Action item: Apart from the pictures, every part of the records below gets retyped exactly.

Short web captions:
####################
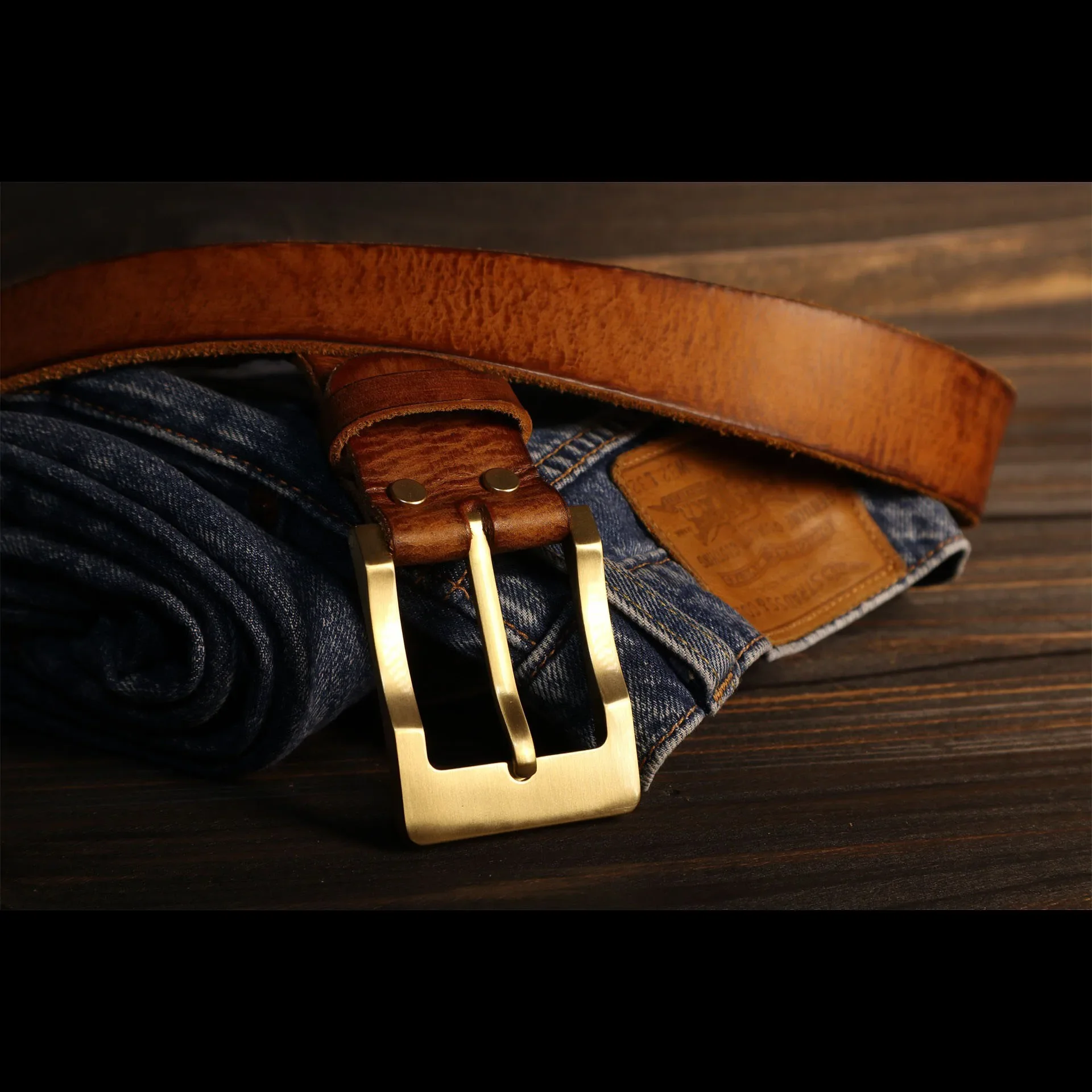 

Vintage Style Cowhide Top Grain Leather Belt with Brass Buckle for Men Everyday Wear 38mm Width
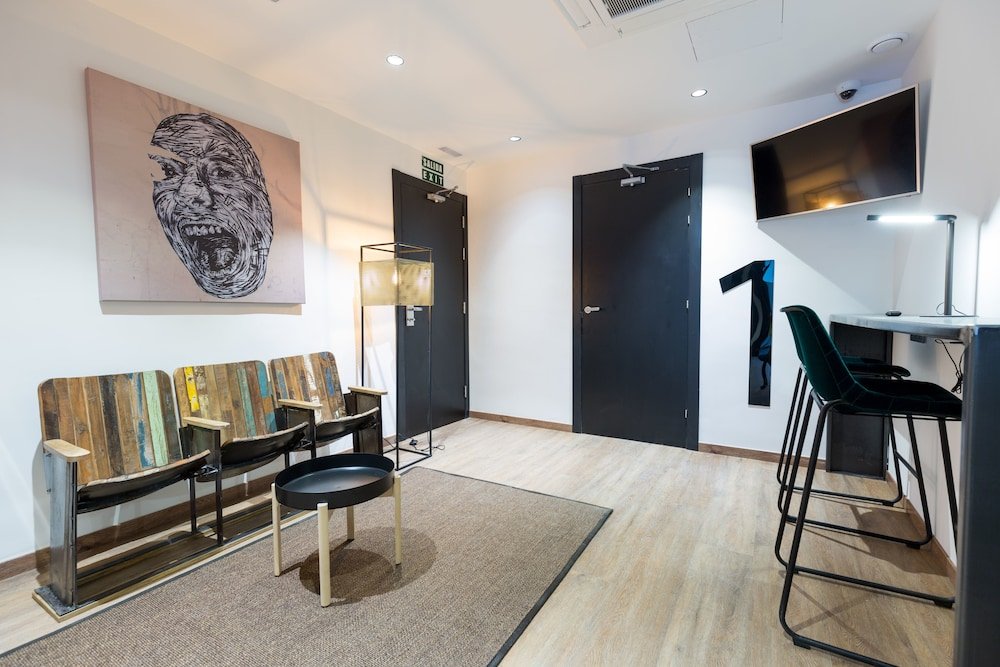 Фото Airhostel Barcelona Aeropuerto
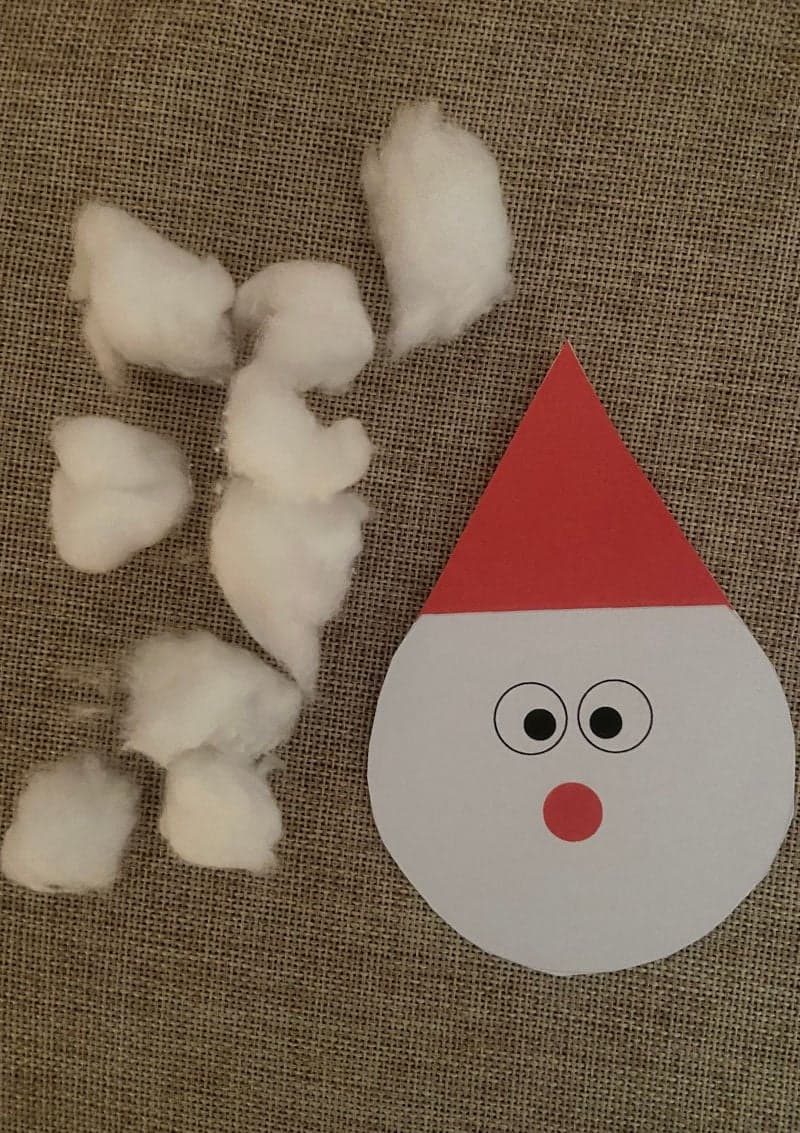 Free printable craft for kids for the holidays. Christmas and New Year's. Santa Claus with cotton.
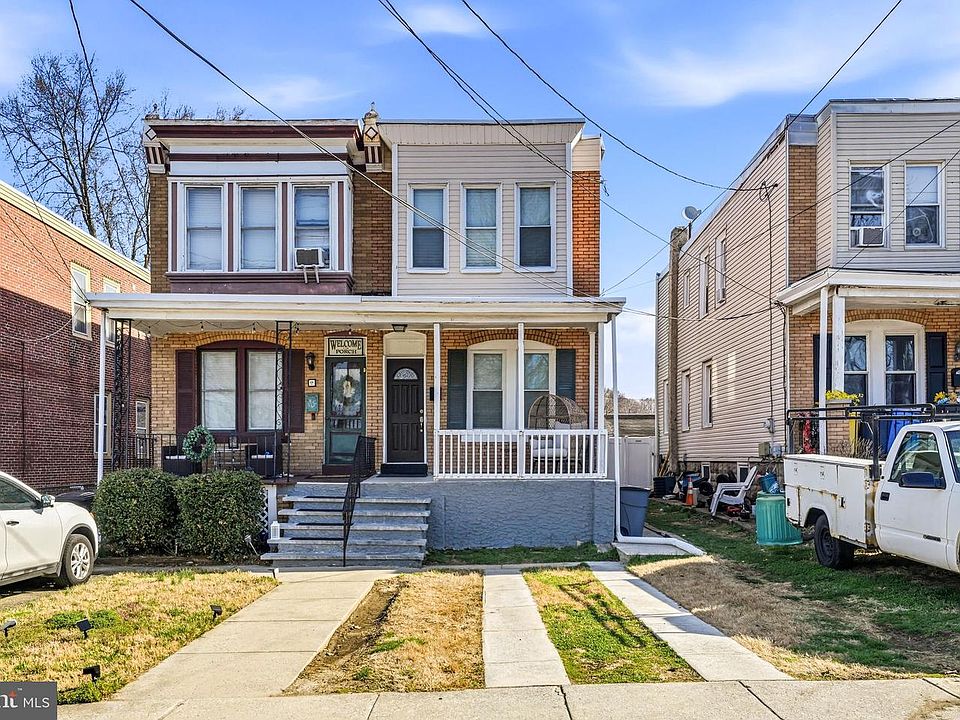 1st image of 11 E Atlantic Ave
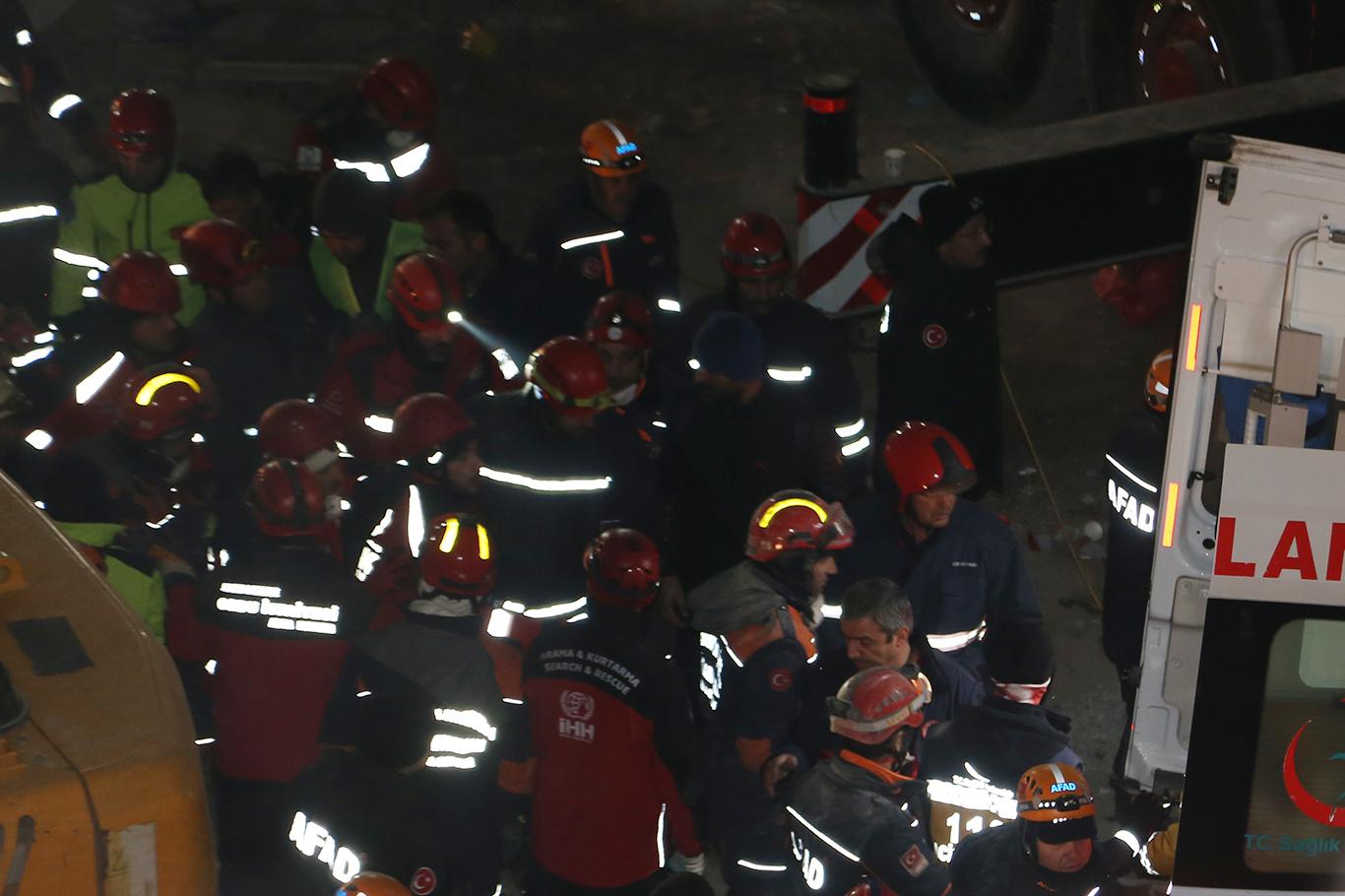 Elazığ'daki depremde bir kişinin daha cansız bedenine ulaşıldı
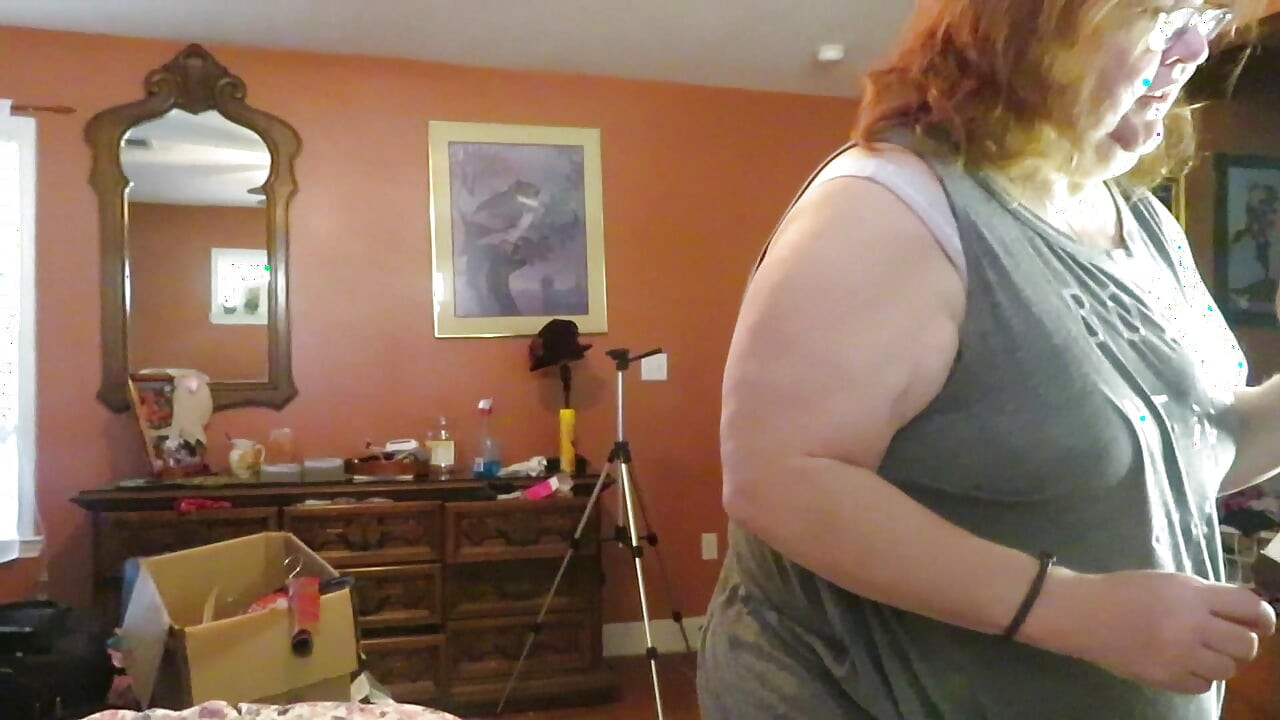 BBW nurse Vicki enjoys eatting a chocolate vanilla ice cream popsiscle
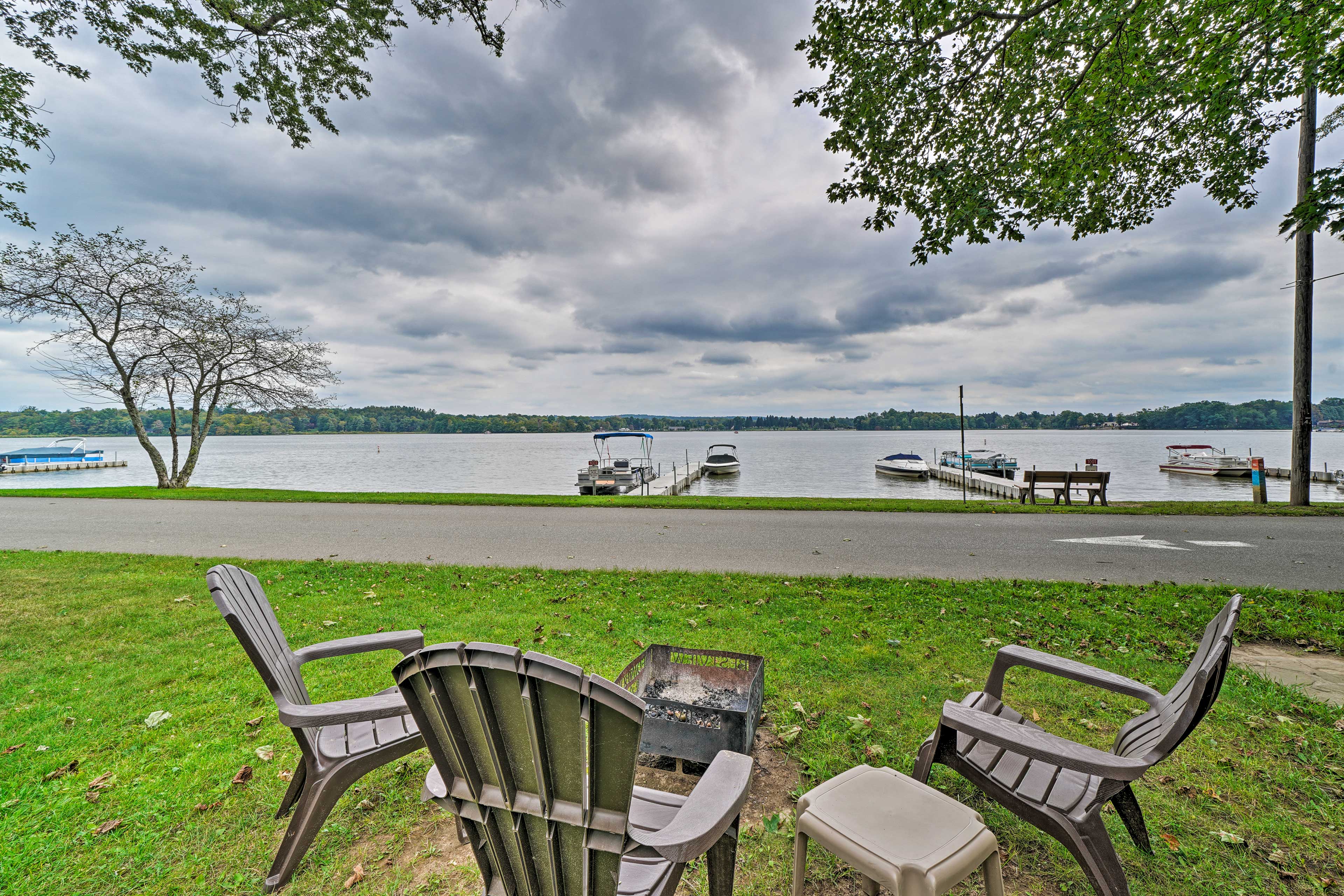 Dreamy Waterfront Home w/ Grill: Boat & Ski!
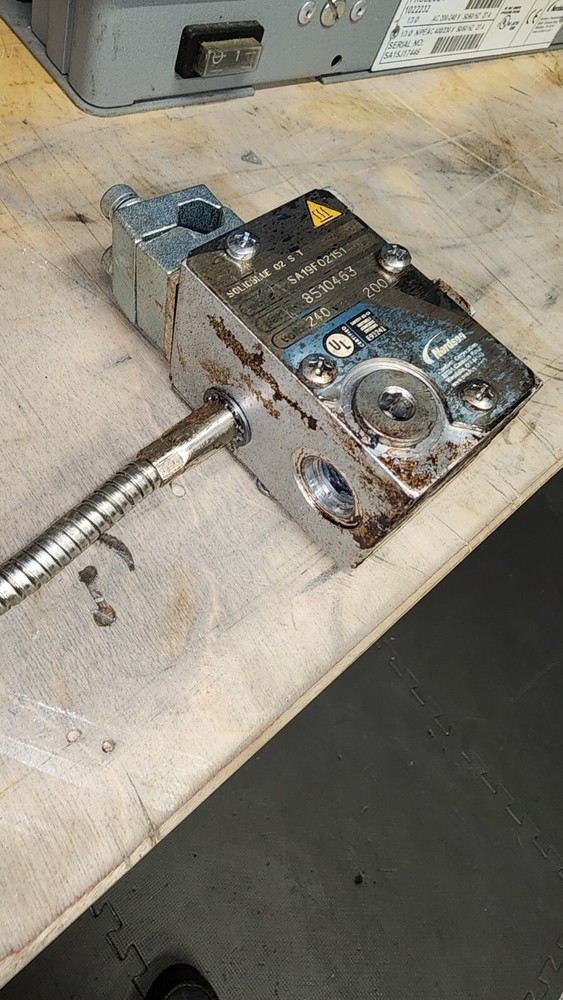 Nordson Solid Blue 02. 8510463 Hot Melt Gun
####################
Result for this exercise:
Vintage Style Cowhide Top Grain Leather Belt with Brass Buckle for Men Everyday Wear 38mm Width
 Фото Airhostel Barcelona Aeropuerto
 Free printable craft for kids for the holidays. Christmas and New Year's. Santa Claus with cotton.
 1st image of 11 E Atlantic Ave
 Elazığ'daki depremde bir kişinin daha cansız bedenine ulaşıldı
 BBW nurse Vicki enjoys eatting a chocolate vanilla ice cream popsiscle
 Dreamy Waterfront Home w/ Grill: Boat & Ski!
 Nordson Solid Blue 02. 8510463 Hot Melt Gun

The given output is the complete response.